PROBLEM REQUIREMENTS: Please tally the lines below that contain the word "design" and reply with the total alone.

___ SUPPLIED MATERIAL

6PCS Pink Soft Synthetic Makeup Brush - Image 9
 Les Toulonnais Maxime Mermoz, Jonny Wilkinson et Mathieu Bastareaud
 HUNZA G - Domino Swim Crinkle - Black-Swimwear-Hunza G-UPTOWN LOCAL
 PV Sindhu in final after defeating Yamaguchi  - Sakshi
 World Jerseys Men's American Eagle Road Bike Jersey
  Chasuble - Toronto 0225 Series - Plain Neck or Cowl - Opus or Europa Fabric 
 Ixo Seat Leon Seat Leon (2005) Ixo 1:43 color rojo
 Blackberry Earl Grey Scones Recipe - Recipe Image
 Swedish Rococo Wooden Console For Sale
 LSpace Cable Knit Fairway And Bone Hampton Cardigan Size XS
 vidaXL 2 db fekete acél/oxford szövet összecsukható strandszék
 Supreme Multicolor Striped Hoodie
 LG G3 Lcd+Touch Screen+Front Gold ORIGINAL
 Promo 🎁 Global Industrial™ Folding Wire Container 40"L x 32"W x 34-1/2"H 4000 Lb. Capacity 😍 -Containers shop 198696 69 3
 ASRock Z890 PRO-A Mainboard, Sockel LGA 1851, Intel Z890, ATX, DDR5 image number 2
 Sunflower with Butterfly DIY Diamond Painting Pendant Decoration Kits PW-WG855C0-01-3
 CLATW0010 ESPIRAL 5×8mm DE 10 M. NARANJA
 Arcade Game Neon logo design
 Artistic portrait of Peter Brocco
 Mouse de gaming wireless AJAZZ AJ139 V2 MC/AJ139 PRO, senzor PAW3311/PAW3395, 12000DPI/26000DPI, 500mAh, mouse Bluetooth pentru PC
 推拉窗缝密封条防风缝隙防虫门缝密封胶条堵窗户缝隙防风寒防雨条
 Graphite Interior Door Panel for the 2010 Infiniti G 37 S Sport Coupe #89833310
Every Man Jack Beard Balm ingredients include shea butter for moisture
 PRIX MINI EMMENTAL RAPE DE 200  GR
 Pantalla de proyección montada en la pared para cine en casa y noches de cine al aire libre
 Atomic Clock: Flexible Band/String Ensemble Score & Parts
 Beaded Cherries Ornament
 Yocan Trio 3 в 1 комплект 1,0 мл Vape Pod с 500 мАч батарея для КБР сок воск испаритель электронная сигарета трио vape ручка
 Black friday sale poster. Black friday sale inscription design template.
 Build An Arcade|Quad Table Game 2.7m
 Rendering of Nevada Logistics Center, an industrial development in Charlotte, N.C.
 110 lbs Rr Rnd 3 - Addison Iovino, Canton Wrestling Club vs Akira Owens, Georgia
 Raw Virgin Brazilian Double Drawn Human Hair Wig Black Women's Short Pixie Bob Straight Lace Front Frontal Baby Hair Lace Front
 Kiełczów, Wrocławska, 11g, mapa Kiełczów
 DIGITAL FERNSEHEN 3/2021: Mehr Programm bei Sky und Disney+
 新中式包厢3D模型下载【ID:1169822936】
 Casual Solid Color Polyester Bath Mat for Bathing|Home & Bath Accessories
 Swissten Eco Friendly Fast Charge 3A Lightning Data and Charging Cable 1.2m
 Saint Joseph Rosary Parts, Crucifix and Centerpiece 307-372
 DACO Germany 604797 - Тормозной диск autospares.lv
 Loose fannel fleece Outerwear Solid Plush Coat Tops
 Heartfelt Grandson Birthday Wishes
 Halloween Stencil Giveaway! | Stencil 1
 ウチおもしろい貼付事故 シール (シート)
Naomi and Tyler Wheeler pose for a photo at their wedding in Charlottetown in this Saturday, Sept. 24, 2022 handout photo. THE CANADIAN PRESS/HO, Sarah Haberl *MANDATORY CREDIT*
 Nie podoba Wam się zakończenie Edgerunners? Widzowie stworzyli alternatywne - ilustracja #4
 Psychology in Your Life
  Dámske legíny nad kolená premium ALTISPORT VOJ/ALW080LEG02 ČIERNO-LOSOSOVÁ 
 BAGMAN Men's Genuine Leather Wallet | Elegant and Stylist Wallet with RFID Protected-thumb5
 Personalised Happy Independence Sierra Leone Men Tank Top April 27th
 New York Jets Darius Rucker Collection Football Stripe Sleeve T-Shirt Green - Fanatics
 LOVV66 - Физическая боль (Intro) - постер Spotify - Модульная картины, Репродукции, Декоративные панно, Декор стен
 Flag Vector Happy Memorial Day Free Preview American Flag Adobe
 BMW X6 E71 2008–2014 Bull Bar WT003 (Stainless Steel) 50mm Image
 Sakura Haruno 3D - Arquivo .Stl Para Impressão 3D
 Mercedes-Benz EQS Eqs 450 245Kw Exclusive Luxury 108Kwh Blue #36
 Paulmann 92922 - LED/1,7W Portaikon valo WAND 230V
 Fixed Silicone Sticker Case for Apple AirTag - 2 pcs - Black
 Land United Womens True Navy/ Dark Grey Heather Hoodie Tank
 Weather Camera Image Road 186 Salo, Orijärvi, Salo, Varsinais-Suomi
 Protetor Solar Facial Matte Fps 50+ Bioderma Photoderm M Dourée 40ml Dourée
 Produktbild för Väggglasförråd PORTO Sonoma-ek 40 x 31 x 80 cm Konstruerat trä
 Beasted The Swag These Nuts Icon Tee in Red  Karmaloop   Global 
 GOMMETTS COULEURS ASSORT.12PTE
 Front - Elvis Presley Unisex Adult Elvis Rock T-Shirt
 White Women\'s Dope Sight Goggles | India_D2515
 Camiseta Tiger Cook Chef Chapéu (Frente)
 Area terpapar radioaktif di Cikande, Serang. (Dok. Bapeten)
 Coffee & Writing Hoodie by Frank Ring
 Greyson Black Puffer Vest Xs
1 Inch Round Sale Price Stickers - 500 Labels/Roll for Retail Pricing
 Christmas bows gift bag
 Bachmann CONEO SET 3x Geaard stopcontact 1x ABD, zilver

______

REPLY: 2